Please note that Mommsen uses the AUC chronology (Ab Urbe Condita), i.e. from the founding of the City of Rome. You can use this reference table to have the B.C. dates
From: The History of Rome, by Theodor Mommsen
Translated with the sanction of the author by William Purdie Dickson
Of some such nature, in all probability, was the relation between the Roman community and the Latin confederacy in the first period of the republic. We cannot, however ascertain what elements are to be referred to earlier stipulations, and what to the revision of the alliance in 261.
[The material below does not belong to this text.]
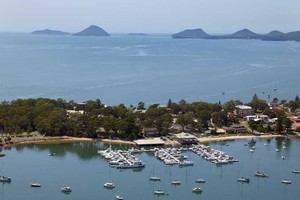 Soldiers Point Marina photo copyright  SW taken at  and featuring the  class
With somewhat greater certainty the remodelling of the arrangements of the several communities belonging to the Latin confederacy, after the pattern of the consular constitution in Rome, may be characterized as an innovation and introduced in this connection. For, although the different communities may very well have arrived at the abolition of royalty in itself independently of each other,(7) the identity in the appellation of the new annual kings in the Roman and other commonwealths of Latium, and the comprehensive application of the peculiar principle of collegiateness,(8) evidently point to some external connection.
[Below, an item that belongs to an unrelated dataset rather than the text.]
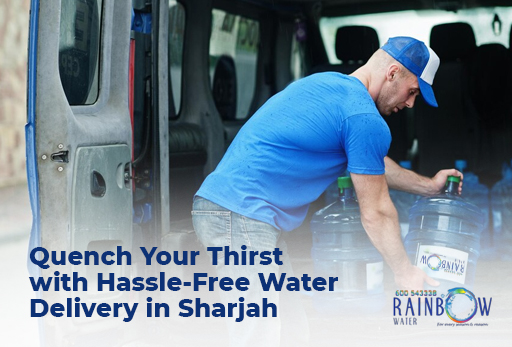 Water Delivery in Sharjah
7. Cf. II. I. Abolition of the Life-Presidency of the Community
8. Ordinarily, as is well known, the Latin communities were presided over by two praetors. Besides these there occur in several communities single magistrates, who in that case bear the title of dictator; as in Alba (Orelli-Henzen, Inscr. 2293), Tusculum (p. 445, note 2), Lanuvium (Cicero, pro Mil. 10, 27; 17, 45; Asconius, in Mil. p. 32, Orell.; Orelli, n. 2786, 5157, 6086); Compitum (Orelli, 3324); Nomentum (Orelli, 208, 6138, 7032; comp. Henzen, Bullett. 1858, p. 169); and Aricia (Orelli, n. 1455). To these falls to be added the similar dictator in the -civitas sine suffragio- of Caere (Orelli, n. 3787, 5772; also Garrucci Diss. arch., i. p. 31, although erroneously placed after Sutrium); and further the officials of the like name at Fidenae (Orelli, 112). All these magistracies or priesthoods that originated in magistracies (the dictator of Caere is to be explained in accordance with Liv. ix. 43: -Anagninis--magistratibus praeter quam sacrorum curatione interdictum-), were annual (Orelli, 208).
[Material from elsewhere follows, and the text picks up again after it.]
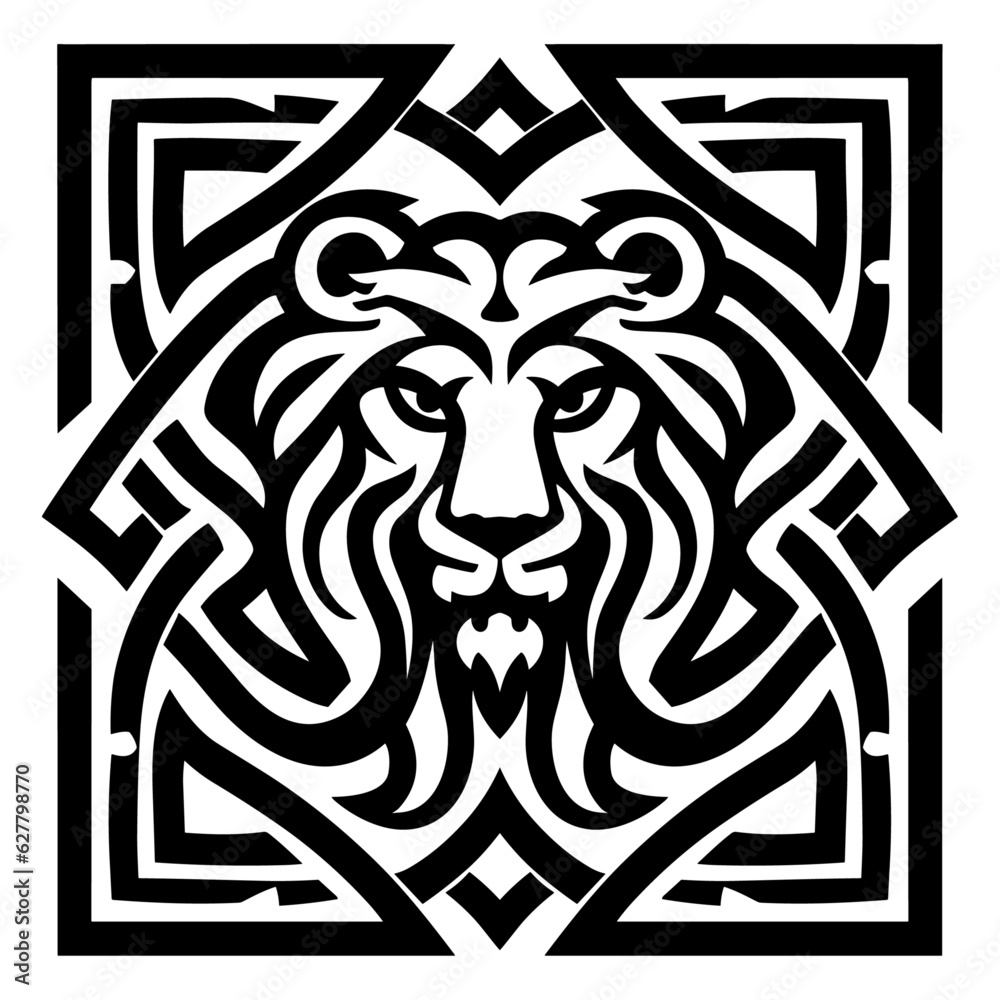Vector lion celtic knot
Vector lion celtic knot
The statement of Macer likewise and of the annalists who borrowed from him, that Alba was at the time of its fall no longer under kings, but under annual directors (Dionys. v. 74; Plutarch, Romul. 27; Liv. i. 23), is presumably a mere inference from the institution, with which he was acquainted, of the sacerdotal Alban dictatorship which was beyond doubt annual like that of Nomentum; a view in which, moreover, the democratic partisanship of its author may have come into play. It may be a question whether the inference is valid, and whether, even if Alba at the time of its dissolution was under rulers holding office for life, the abolition of monarchy in Rome might not subsequently lead to the conversion of the Alban dictatorship into an annual office.
All these Latin magistracies substantially coincide in reality, as well as specially in name, with the arrangement established in Rome by the revolution in a way which is not adequately explained by the mere similarity of the political circumstances underlying them.